The biggest problem is choosing the pantheons, and the narrative it's choosing to tell through it. With the big list of pantheon dates the two core questions are...
What's the most culturally influential thing going on in this period that we know about?
How can we get the best global sampling that we can?
The latter is the fucker, because records are bad, and while history isn't written by the winners, history is written by those who write histories or at the least those who make things which historians can find or those historians have bothered to try and find. That warps the options for choices intensely, and often ways which frustrate our desires and choices. The script draft had multiple options for each category, and we chewed them over – there's a page in this month's Image+ which shows some of my notes there. Especially with the super-long-lived cultural empires, we looked opportunities to justifiably use anything other than them to just avoid 3000+ years of alternating between China and Egypt.

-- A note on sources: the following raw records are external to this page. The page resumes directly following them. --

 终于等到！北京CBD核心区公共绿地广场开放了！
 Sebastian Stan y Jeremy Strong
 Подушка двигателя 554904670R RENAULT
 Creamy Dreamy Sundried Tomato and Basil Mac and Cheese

(Seriously, of all the many things this project has given me, a better understanding of the physicality of time, both its expanse (as in, HOW LONG HAS EGYPT BEEN THIS CULTURAL CENTER?) and its shortness (It is 66 full-lifetimes between us and the start of this mess. The last page skipping back from 2013 hits the majority of what we think of as history. It's a vertiginous book if you let it get beneath your skin, and we had to.)
Equally, we should unpack “culturally influential.” “Culturally Influential” normally means “invaded and killed a bunchy of other folks and made them take on your culture.” This is mainly a list of cultures who've dominated their locales. This has always been there in WicDiv. The 20th century Pantheon is primarily (though not solely) American. The 19th century one was primarily European. 455 is about the fall of Rome.

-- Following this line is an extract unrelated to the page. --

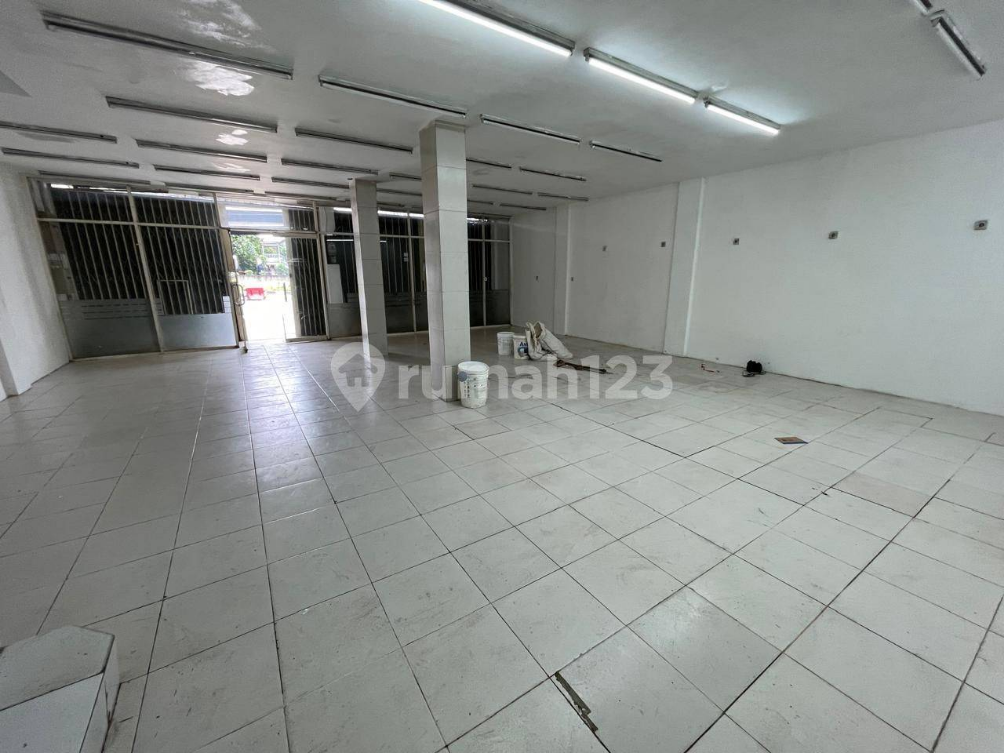 Large 3.5-Floor Commercial Shophouse in Jelambar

I'm not sure if I have to state the obvious: all the choices flow from the nature of WicDiv gods as cultural epiphenomenon (or, if not epiphenomenon, heralds. Or both. Either way, the gods dovetail with the rise of "civilization")
We map the gods to known history. If it's troubling, it's troubling because world history is troubling. And I do find that troubling.
At the same time, the concept of the book also lets us create spaces for possibility. We are showing one god from the period - Persephone. There's another dozen elsewhere. While we've shown some pantheons work with a tight geographical focus (such as the London/UK one) others have sprawled across considerable spaces, covering at least a continent and sometimes more. Some of the pantheons shown in this issue imply that kind of gap, normally signified by Ananke dressed in culturally different garments than the Persephone. Equally, some of the more extremely positioned Persephones are a snapshot that implies that gods can end up that far afield, at least occasionally.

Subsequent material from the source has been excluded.